Dan's grandfather, Danno "The Irish Whip" O'Mahony, is pictured on the right. (Photo: Facebook)

What was your home life like?

My mother and father got divorced when I was really young. My father had weekend custody, so we had to stop by the old O’Mahony’s. 

Where was O’Mahony’s?

It was in Santa Monica. It’s an apartment building now. It’s the ugliest building in the neighborhood. It’s a tragedy. It’s been gone since the ‘80s.

SEE ALSO: 2017 interview with Kevin Hernandez (Insted).

What were your parents like when you were a kid?

My father is a lifelong story in recovery. I will it was a once an addict, always an addict kind of thing. His narrative is largely crafted by his own recovery, and his own faith, and what he’s been able to do with his life after a very hard stretch of years when I was very young. My mother was the more political of the two. She was a very strident thinker and a self-determined woman. She put herself through law school in her 40s and went into private practice.
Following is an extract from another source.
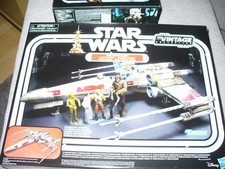 Star Wars Vintage Collection Luke Skywalker Red 5 X-Wing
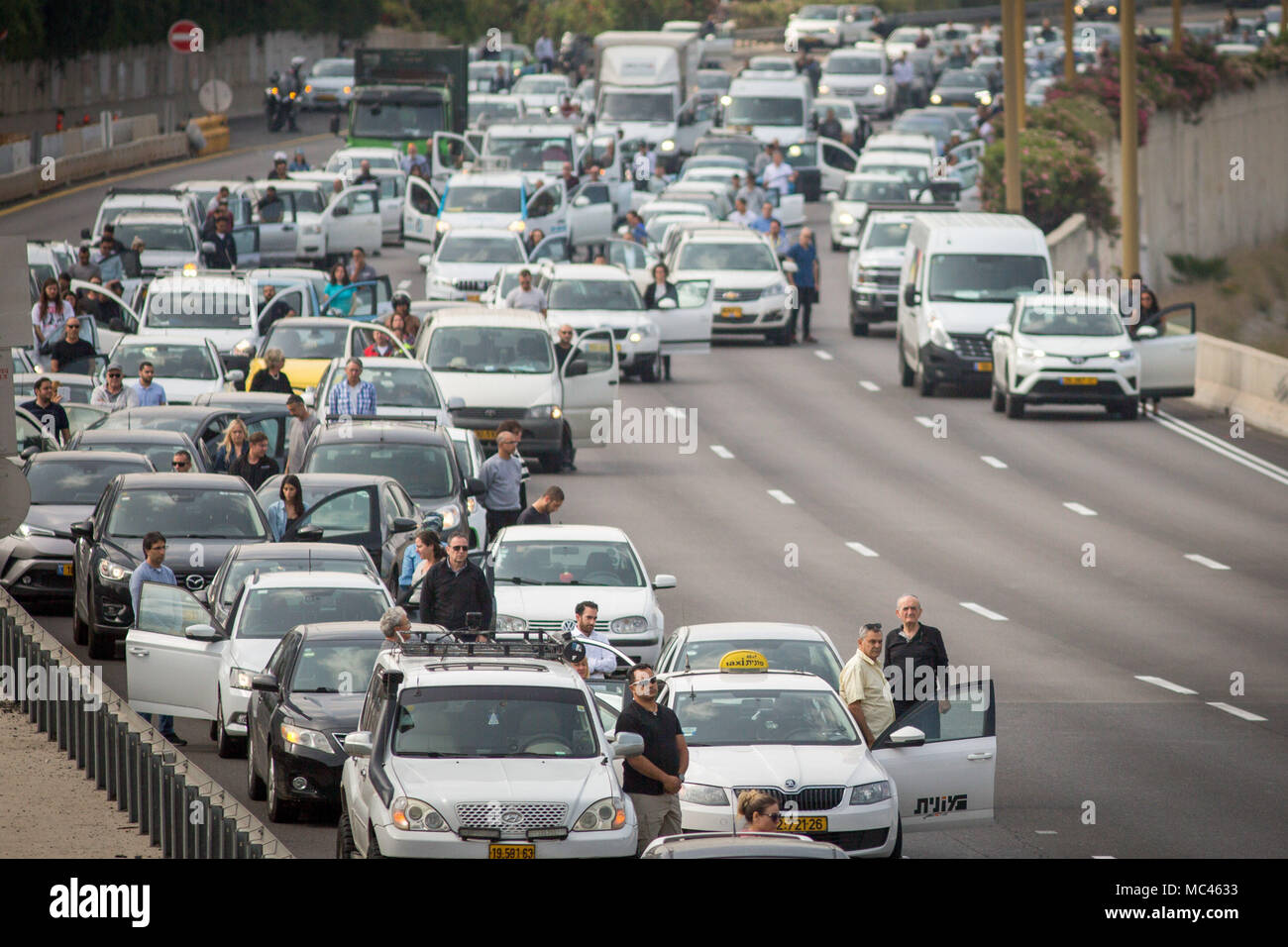 Tel Aviv, Israël. Apr 12, 2018. Les gens s'arrêter sur une rue comme une sirène de deux minutes se déclenche à travers Israël pour marquer la Journée du souvenir de l'Holocauste, à Tel Aviv, Israël, le 12 avril 2018. Source : Xinhua/JINI/Alamy Live News Banque D'Images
She was a hard core leftist, a very witty and eloquent woman.

Dan's father, Daniel Michael O'Mahony III., as a kid. (Photo: Facebook)

What traits do you think you inherited from them?

The two personality things I get from them would be that the analytical, lefty thing comes from my mother, and the storyteller with a penchant for being a bit of a hot-tempered cowboy bullshit artist definitely comes from my father. 

Despite his faults, did you look up to your father?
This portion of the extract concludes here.